The concerns about operational technology (OT) security are increasing as OT technology becomes advanced, says a recent Fortinet study.
Sixty-five percent of enterprises have experienced at least three OT system intrusions within the past year, according to the latest report from Fortinet. In startling contrast, the number was just 18% in 2019. The Fortinet’s 2020 State of Operational Technology and Cybersecurity report reveals that nearly all companies said they witnessed at least one intrusion in the same time frame.
OT network is a crucial part of the functioning of a range of sectors globally, including energy production, healthcare, transportation networks, and utilities. Hence, OT systems adopt all of the security threats IT systems face. Moreover, the OT system attack also includes the Internet of Things (IoT) devices in remote locations. The report says that 77% of companies have only partial centralized visibility on the cybersecurity of their OT environments. Around 80% of OT leaders said they regularly participate in decisions related to cybersecurity strategy while half said they have the final say in those decisions. This shows that organizations are focusing on cybersecurity and are also making necessary investments.
The report finds there is a shift that places OT security under CISOs. A little close to a quarter of enterprises said the CISO manages OT system security, up from 18% in 2019. Sixty-one percent of them expect OT security to be transferred to the CISO team in the coming year. Close to 85% of companies will have CISOs managing OT security by 2021. OT leaders are missing key areas like involved security information and event management (SIEM) solutions, found the report. Malware (60%), phishing (43%), and hackers (39%) are said to be some of the most common attacks.

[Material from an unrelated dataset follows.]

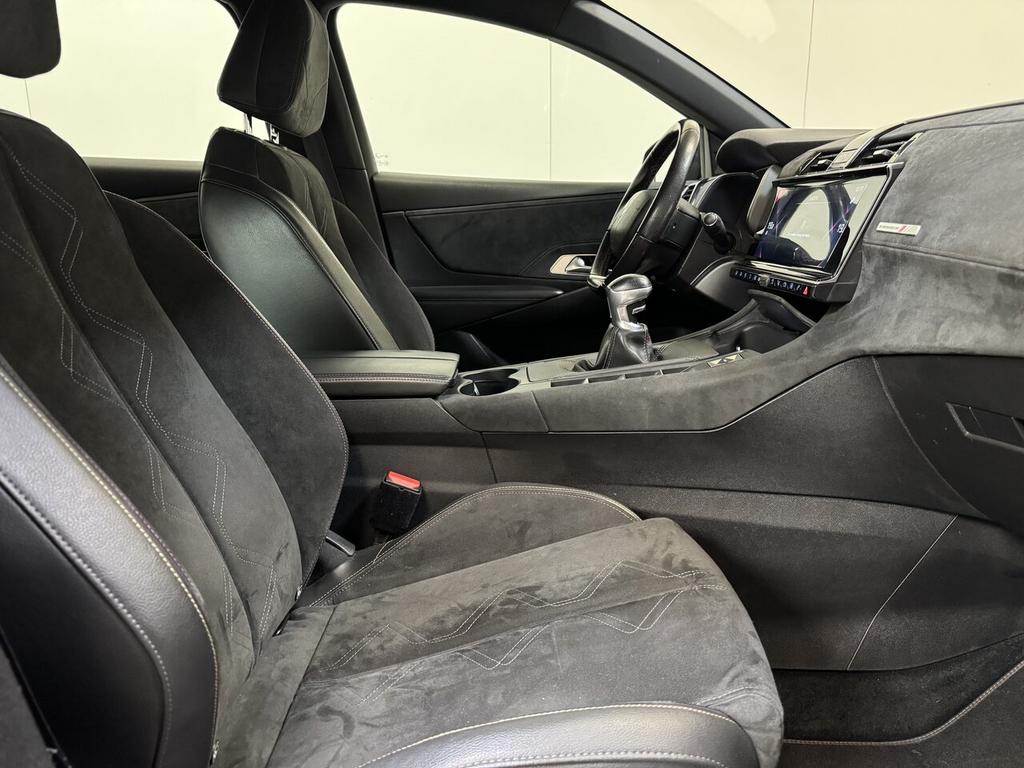 DS Automobiles DS7 Crossback 1.5 HDI Man. - Performance Lin, Autos, DS, 0 kg, Capteur de lumière, Achat, 4 cylindres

Nearly half of companies lack a Technical Operations Center (TOC) and a Security Operations Center (SOC), with more than half missing a Network Operations Center (NOC). Around 60% of them see their budgets increasing in 2020; however, several OT leaders still struggle with measuring and analyzing security. It is important for organizations to use security as the foundation for OT tech rather than considering it as an afterthought. The report notes that vulnerabilities and cost reduction resulting from cybersecurity efforts often reported and tracked.
Several companies will browse and deploy OT security in 2020. They need to structure their requirements to assess an OT vendor’s maturity and suitability for meeting the guidelines from a particular regulation. That is the only way to make it work.